Machine Learning 07 – Newton’s Method

In the last couple of blog posts we used Gradient Descent / Gradient Ascent as our optimization algorithm. Gradient Descent works by computing the derivative and then moving in this direction by a small learning rate.

There are many optimization algorithms out there. In this post we will learn another one called Newtons Method.

Related image

The idea behind Newtons Method is finding the root of a function f(x). It works by defining a random x-value like x_1. By putting a tangent in the upper function at the position of x_1 you can calculate the root of the tangent which is your x_2. This is called one iteration. After very few iterations the root of f(x) will be determined very accurately.

Lets put the above paragraph in a mathematical notation. Let’s define the distance of x_1 and x_2 to be \Delta.

x_2 = x_1 - \Delta

The slope of the function of at a specific point can be expressed as f'(x_1) = \frac{f(x_1)}{\Delta}. So \Delta can be expressed as \Delta = \frac{f(x_1)}{f'(x_1)}.

x_2 = x_1 - \frac{f(x_1)}{f'(x_1)}

Let’s say the function f is not dependent on x but on \theta (notice, that \theta here is a scalar not a vector). We want to find the \theta so that f(\theta)=0. Then we can change our iterations to use \theta.

\theta^{(2)} =\theta^{(1)} - \frac{f(\theta^{(1)})}{f'(\theta^{(1)})}

In more general terms:

\theta^{(t+1)} =\theta^{(t)} - \frac{ f(\theta^{(t)}) }{ f'(\theta^{(t)}) }.

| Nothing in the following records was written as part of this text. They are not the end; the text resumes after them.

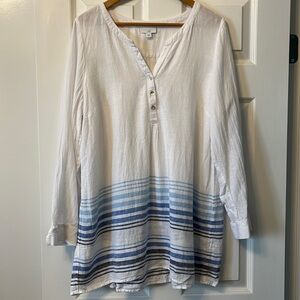 JJill lightweight white with blue stripes linen/rayon long sleeve tunic. Sz L.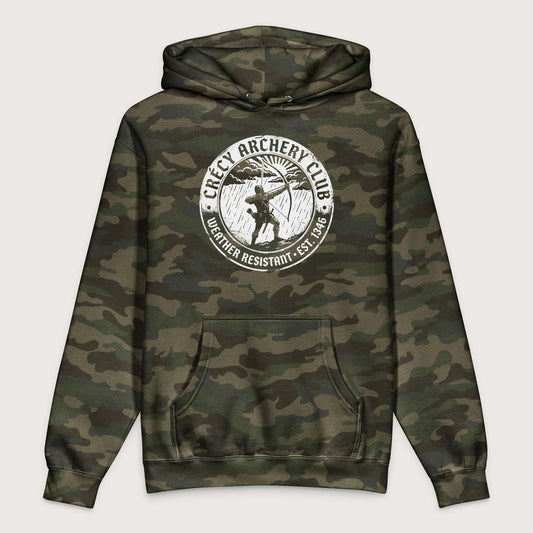 Forest Camo Crecy Archery Club - Premium Hoodie - history buff gift by HistoHead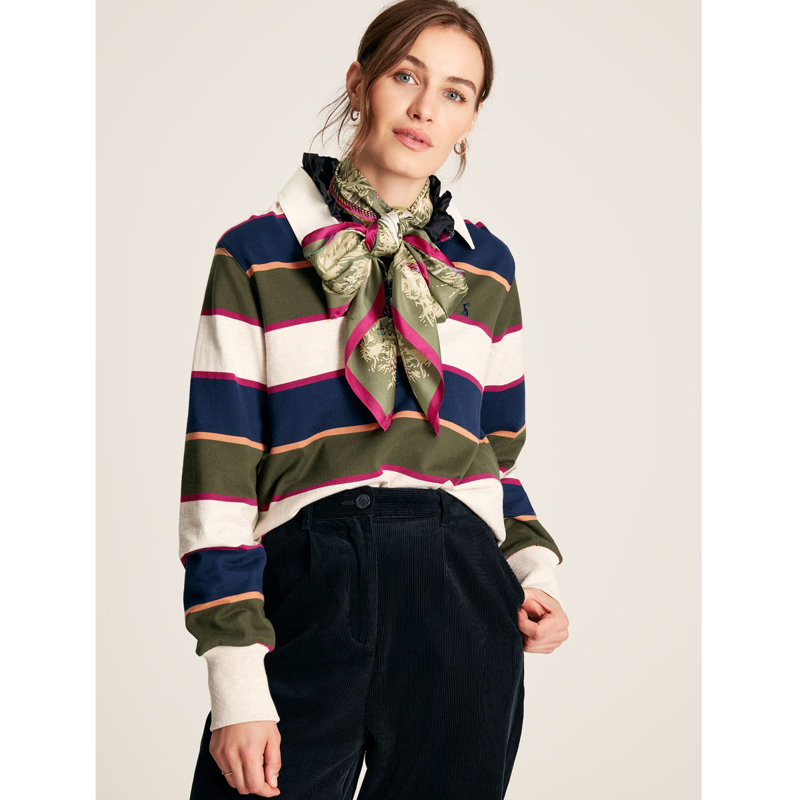 Joules Ladies Sammie Heavyweight Cotton Rugby Shirt - Multi Stripe-2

Now we can use this algorithm to maximize our log-Likelihood function l(\theta) from the previous blog posts. We now from calculus that the maximum of a function has l'(\theta)=0. So we need to fit \theta to find l'(\theta)=0.

\theta^{(t+1)} =\theta^{(t)} -\frac{l'(\theta^{(t)})}{l''(\theta^{(t)})}

This is now our new optimization algorithm. It turns out that it works very well for logistic regression. As already mentioned the algorithm is known for the speed of convergence (finding the minimum/maximum). In more technical terms Newtons Method has quadratic convergence. That means that for every iteration the error value (the noise) minimizes quadratic.

Example:

  • (1st iteration) -> 0.01 error
  • (2nd iteration) -> 0.001 error
  • (3rd iteration) -> 0.000 000 1 error
  • and so on …

The generalization for Newtons method – when \theta is a vector of our parameters instead of a scalar – looks like the following:

\theta^{(t+1)} =\theta^{(t)} -H^{-1} \bigtriangledown_\theta l(\theta)

Where H is the Hessian matrix (matrix of 2nd derivatives of l(\theta).

H_{ij}=\frac{\partial^2 l }{\partial \theta_i\partial \theta_j}

For every iteration the Hessian matrix needs to be inverted. This could be computationally expensive for a large number of features.